— Problem details —
The answer should be an exact repeat of the stretch of material below from the line containing "Wow, anything is" through the line containing "Anna Field Top - Red 4".

— Information shown —
- - -

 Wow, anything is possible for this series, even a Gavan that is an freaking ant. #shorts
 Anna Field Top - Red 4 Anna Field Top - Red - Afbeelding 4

- - -

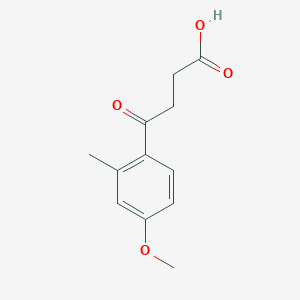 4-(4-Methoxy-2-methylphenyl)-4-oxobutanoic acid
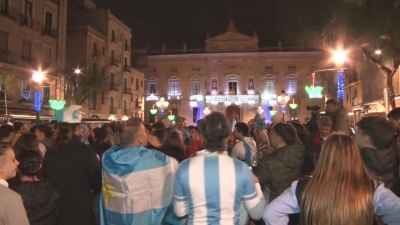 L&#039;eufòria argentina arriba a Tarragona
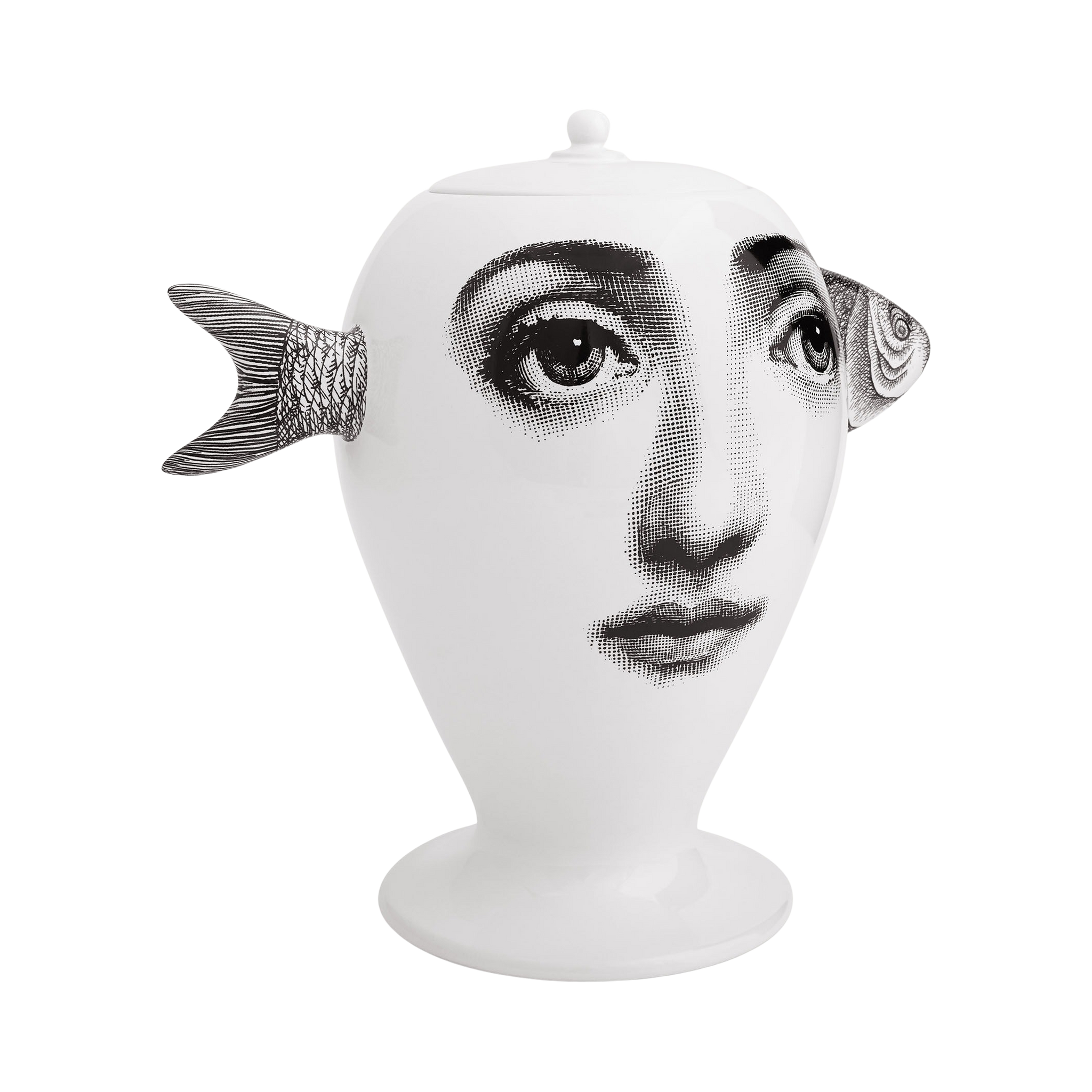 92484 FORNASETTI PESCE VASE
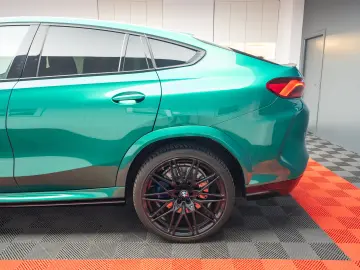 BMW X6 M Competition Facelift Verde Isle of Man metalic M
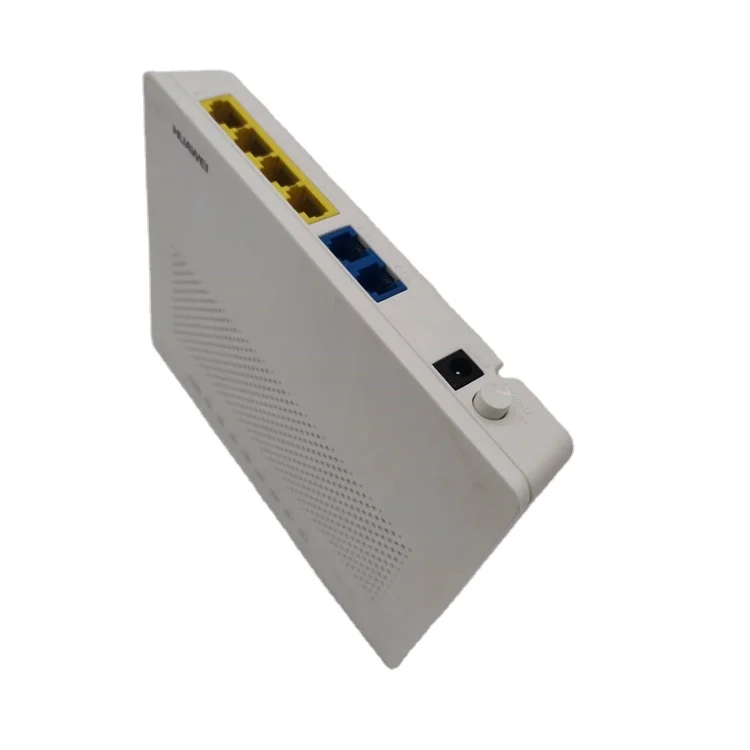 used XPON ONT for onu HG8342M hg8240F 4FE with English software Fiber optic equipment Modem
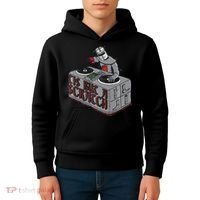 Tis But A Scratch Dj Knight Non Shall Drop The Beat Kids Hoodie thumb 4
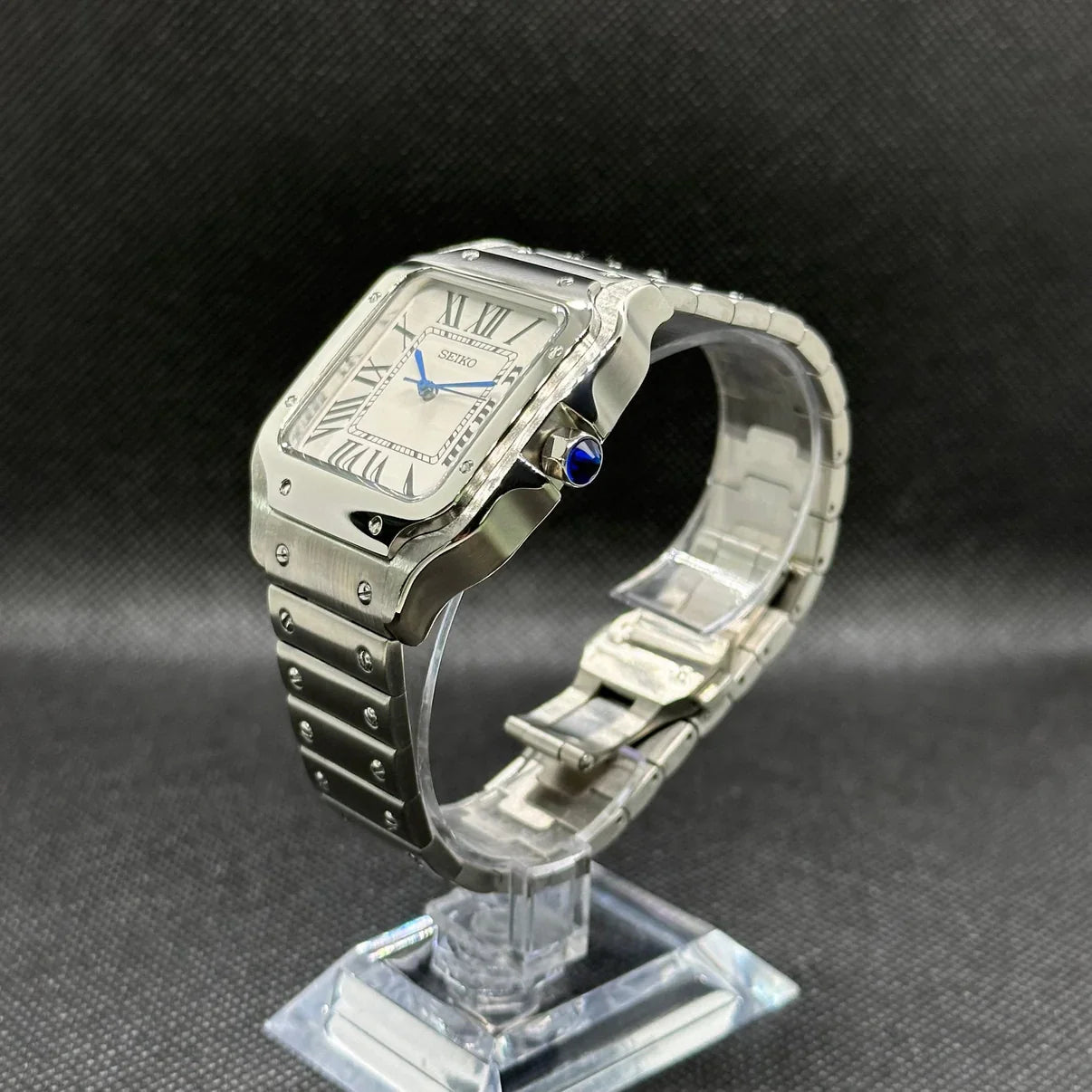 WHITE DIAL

- - -

— Result of the task —
 Wow, anything is possible for this series, even a Gavan that is an freaking ant. #shorts
 Anna Field Top - Red 4 Anna Field Top - Red - Afbeelding 4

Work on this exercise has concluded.